The plan has been on and off the table for 20 years.
We believe, based upon our research, that it was the right thing to do but financially and space-wise, 20 years ago it didn’t work,` said Spring at the Monday, March 23, school board meeting.
In her presentation, she pointed to the positive feedback from focus groups and a community survey regarding a switch to full-day kindergarten. She also noted the increasing standards and graduation requirements students are expected to meet at ever younger ages, and said a full day of kindergarten would better prepare the students of the future.
Spring said that parents of incoming kindergarteners have asked about the possibility of a full-day program, and she said some have expressed concern that a full-day program would make kindergarten like the new first grade.

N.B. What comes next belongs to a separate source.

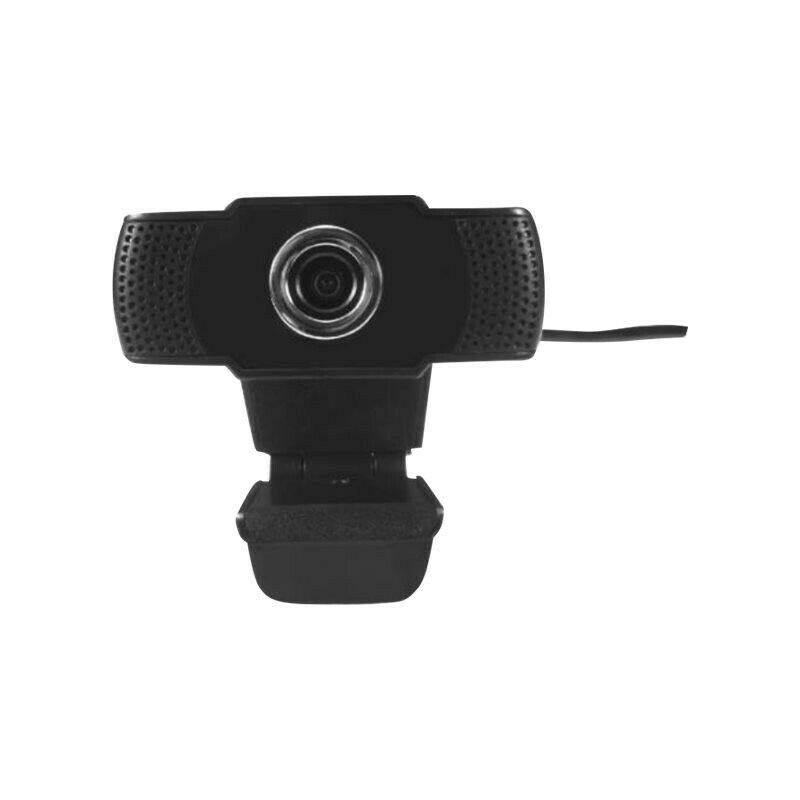 Cámara Webcam Nilox 1080p 30fps **Embalaje dañado, producto nuevo**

That would not be the case, Spring said.
`Full-day kindergarten would give us the opportunity to start students earlier and immerse them further,` she said `It’s not pushing first grade down to kindergarten, but it’s about doing a developmentally appropriate program.`
She also noted that in a time when the many schools in the area are laying teachers off, a move to full-day kindergarten would actually preserve, or even create, elementary school jobs. The district could also save money by eliminating mid-day bus runs.
District officials have also said that declining enrollment over the years has created more space for such a program, and the district could use that as an opportunity to get money from the federal stimulus package to fund new positions.
Many area school districts have also recently adopted full-day kindergarten programs, including Schalmont Central School District, Bethlehem Central School District and Scotia-Glenville Central School District.
According to Adrienne Leon, spokeswoman for the Mohonasen Central School District, full-day kindergarten is the norm in most other parts of the state, from rural to urban.
Leon said funding for the program would come partly from federal and state aid, not the general budget.
`Five kindergarten teachers would be hired,` she said. `They would be paid for through grant funding so it wouldn’t be part of the general fund budget.`
Leon said that part of the federal stimulus money includes grant funding.
`It’s an additional sum of money for grant and grant funding that’s included in that stimulus package, so a portion of that grant funding would be used to pay for the teachers,` said Leon.
She also noted that the state offers something called `transition aid,` which is money that the school receives in the second year after they implement the full-day program to help cover the costs of the transition.
Full-day kindergarten, if adopted, would start in September 2009.
District officials will continue discussing the proposal in the coming weeks.